She served as a Bristow Fellow in the Office of the Solicitor General at the U.S. Department of Justice from 2008 to 2009. She also served as a Temple Bar Scholar in London, England, where she worked with Lord David Hope of Craighead on the Supreme Court of the United Kingdom.

AliKhan is the recipient of several awards, including the National Association of Attorneys General’s prestigious “Senior Staff of the Year” award in December 2020.

Judge AliKhan served as a law clerk for Judge Thomas L. Ambro on the U.S. Court of Appeals for the Third Circuit from 2007 to 2008 and for Judge Louis H. Pollak on the U.S. District Court for the Eastern District of Pennsylvania from 2006 to 2007.

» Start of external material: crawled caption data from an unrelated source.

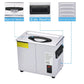 3.2L Commercial Ultrasonic Cleaner Industry Heated w/Timer Jewelry Ring Glasses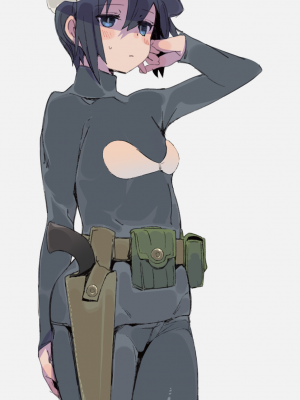 [ettone] Fanbox Kino Art Only (Kino no Tabi) (Updated 051921)_40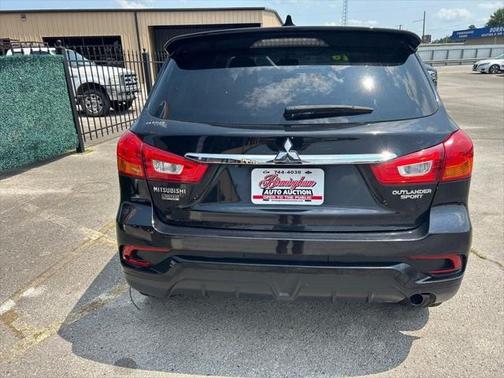 2018 Mitsubishi Outlander Sport 2.0 ES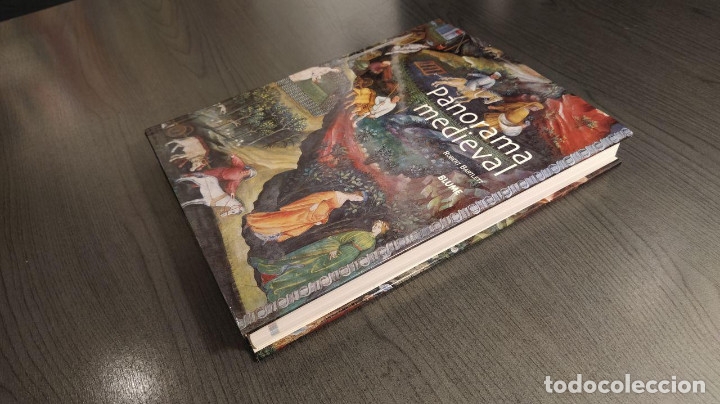 Libros de segunda mano: PANORAMA MEDIEVAL. ROBERT BARTLETT. ED. BLUME. - Foto 9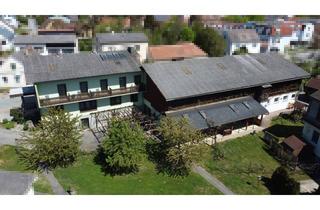 Haus kaufen in 7431 Bad Tatzmannsdorf, Vielseitige Liegenschaft mit Wohn-, Gastronomie- und Nutzungspotenzial im Zentrum von Bad Tatzmannsdorf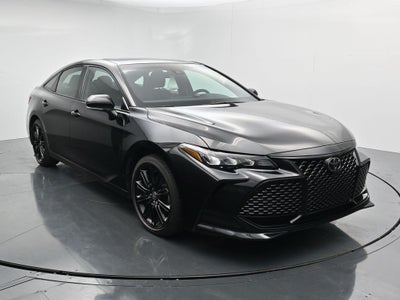 2021 Toyota Avalon XSE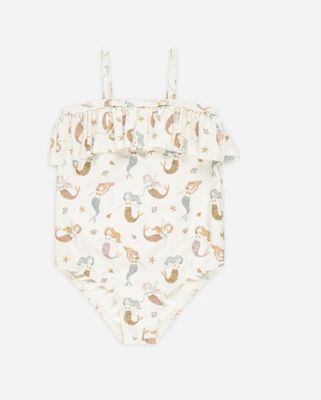 RUFFLE ONE-PIECE || MERMAIDS
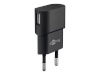 Goobay laadimisadapter USB-A Charger | 44947 | USB-A | 5 W | 5 V | Charger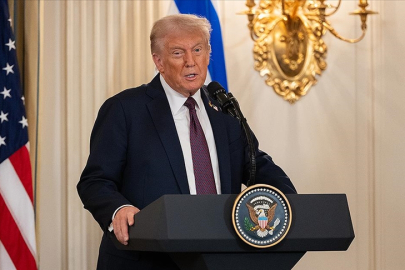 Trump: Ukrayna-Rusya Savaşı'nı henüz sona erdiremedim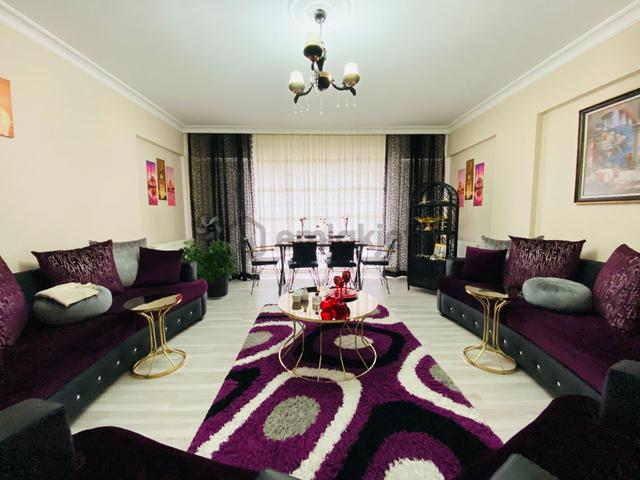 Misket'te Çift Girişli Asansörlü Yapılı 4+1 Satılık Dubleks Daire !!! 1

She received her J.D., magna cum laude, from Georgetown University Law Center in 2006 and her B.A., summa cum laude, from Bard College at Simon’s Rock in 2003.

During her testimony Dec. 2, 2021, before the Committee on Homeland Security and Government Affairs, Judge AliKhan acknowledged “a few important people” in her life including her husband Justin Noble for his patience and support, and her parents Mahmood and Linda AliKhan, “who instilled in me the values of hard work and public service,” as well as her sister, Leah AliKhan, “who inspires me every day by living a as rich and independent life as a woman with Down syndrome.”

Her father, a cardiologist, was born in British India, and came to the U.S. from Pakistan more than 50 years ago, to settle in Baltimore. Her mother was a nurse.

Adding a bit of humor to her testimony, AliKhan said, “While it is the South Asian stereotype that one’s children should grow up to be doctors, my family has supported, or at least tolerated, my decision to serve my community as a lawyer.”